In truth, methods in Go are little more than syntactic sugar around a function with a predeclared formal parameter, their receiver.

func (c Cat) PrintLegs() {
        fmt.Printf("I have %d legs\n", c.Legs())
}

func PrintLegs(c Cat) {
        fmt.Printf("I have %d legs\n", c.Legs())
}

The receiver is exactly what you pass into it, the first parameter of the function, and because Go does not support function overloading, OctoCats are not substitutable for regular Cats. Which brings me to the next principle.

Liskov Substitution Principle

Coined by Barbara Liskov, the Liskov substitution principle states, roughly, that two types are substitutable if they exhibit behaviour such that the caller is unable to tell the difference.

In a class based language, Liskov’s substitution principle is commonly interpreted as a specification for an abstract base class with various concrete subtypes. But Go does not have classes, or inheritance, so substitution cannot be implemented in terms of an abstract class hierarchy.

Interfaces

Instead, substitution is the purview of Go’s interfaces. In Go, types are not required to nominate that they implement a particular interface, instead any type implements an interface simply provided it has methods whose signature matches the interface declaration.
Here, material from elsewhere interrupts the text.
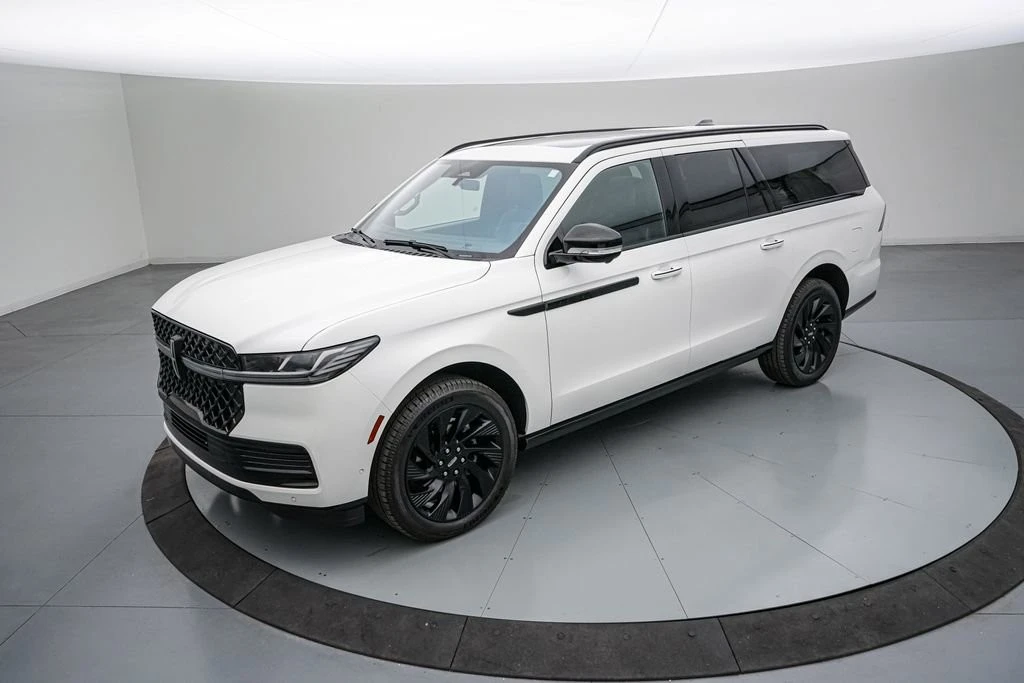 2025 Lincoln Navigator 4th Gen - Image 9 of 21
We say that in Go, interfaces are satisfied implicitly, rather than explicitly, and this has a profound impact on how they are used within the language.

Well designed interfaces are more likely to be small interfaces; the prevailing idiom is an interface contains only a single method. It follows logically that small interfaces lead to simple implementations, because it is hard to do otherwise. Which leads to packages comprised of simple implementations connected by common behaviour.

io.Reader

type Reader interface {
        // Read reads up to len(buf) bytes into buf.
        Read(buf []byte) (n int, err error)
}

Which brings me to io.Reader, easily my favourite Go interface.

The io.Reader interface is very simple; Read reads data into the supplied buffer, and returns to the caller the number of bytes that were read, and any error encountered during read. It seems simple but it’s very powerful.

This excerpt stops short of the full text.